Après Polytechnique et Incendies, puis Prisoners et Enemy – tous remarquables à leur façon –, Denis Villeneuve a déjà prouvé qu’il n’a pas peur de toucher aux plus sombres territoires de la nature humaine et, surtout, qu’il possède un don pour traduire ces derniers au grand écran. Dès le premier acte de Sicario, il envahit le spectateur de ce même sentiment d’appréhension pesant sur son héroïne alors qu’elle pénètre dans ce no man’s land bouillonnant, exacerbé par la bande sonore incisive du compositeur encensé Jóhann Jóhannsson. D’ailleurs, c’est en sachant si bien s’entourer que Villeneuve a trouvé la clé du succès international.
Primo, en sélectionnant la crème des scénarios originaux (celui-ci est signé Taylor Sheridan), il prouve d’abord qu’il est doté d’un flair extraordinaire pour les récits de poids, profonds et poignants, qui s’éloignent des clichés naturels du genre auquel ils appartiennent.

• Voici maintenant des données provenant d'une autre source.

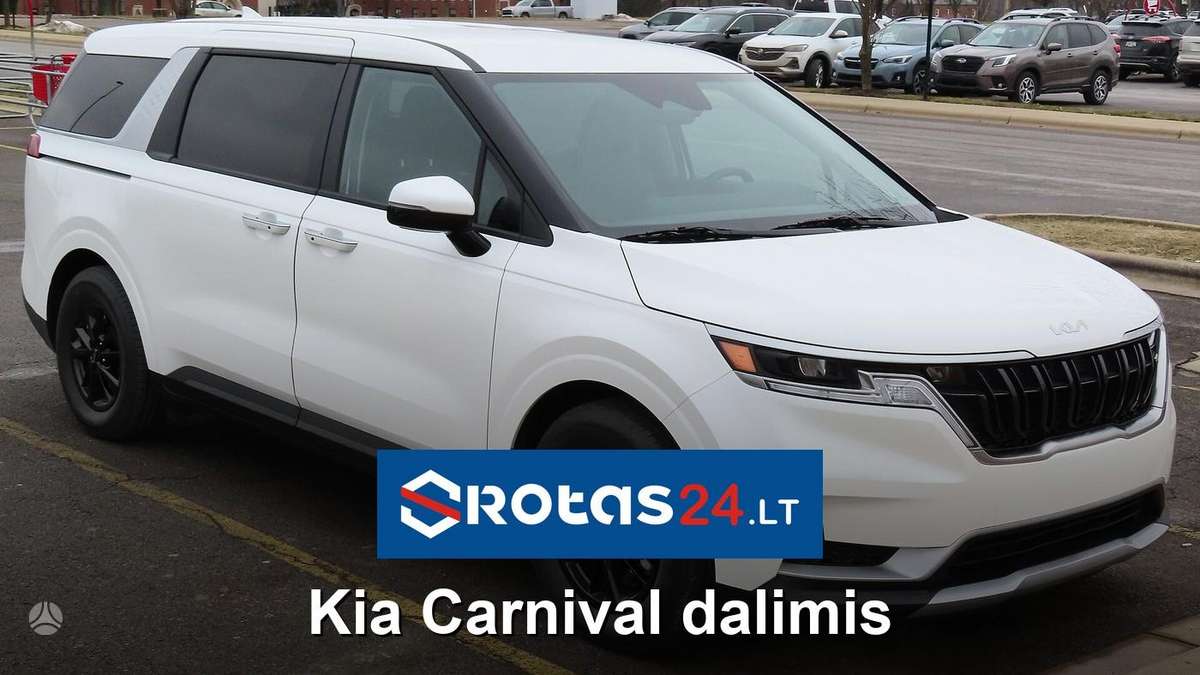 Kia Carnival Greitam susisiekimui naudokite whatsapp https wa me 3706542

Secundo, rares sont les directeurs de la photographie dont on reconnait le nom, mais si celui de Roger Deakins ne vous dit rien, il serait sans doute temps d’en prendre bonne note. Avec une carrière de plus de trente ans qu’il poursuit toujours et pas moins de douze nominations aux Oscars sous la cravate (pour The Shawshank Redemption, Fargo, Skyfall et Prisoners, entre autres), c’est un véritable virtuose de la caméra et, après les frères Coen et Sam Mendes, il semble avoir parfaitement apprivoisé l’art de notre réalisateur québécois. Si beaux qu’on les croirait peints, les contre-jours poussiéreux et les prises de vue aériennes de Sicario sont à frémir. Quant aux scènes d’action, dont certaines sont tournées à travers les lunettes à vision nocturne des personnages (à la Zero Dark Thirty de Kathryn Bigelow), elles jouissent d’un caractère immersif sans égal, agrippant d’autant plus le spectateur, qui ne verra certainement pas passer ses deux heures de visionnage.
Ajoutez-y une performance exceptionnelle de Del Toro, subtile et admirablement féroce à la fois, et on obtient un film intense, engageant, auquel on rendrait mieux justice en lui attribuant la valeur d’expérience cinématographique. Si Sicario ne fait pas pleuvoir les récompenses sur la tête de ses artisans, rien ne le fera.
«Sicario» prend l’affiche au Québec dès aujourd’hui.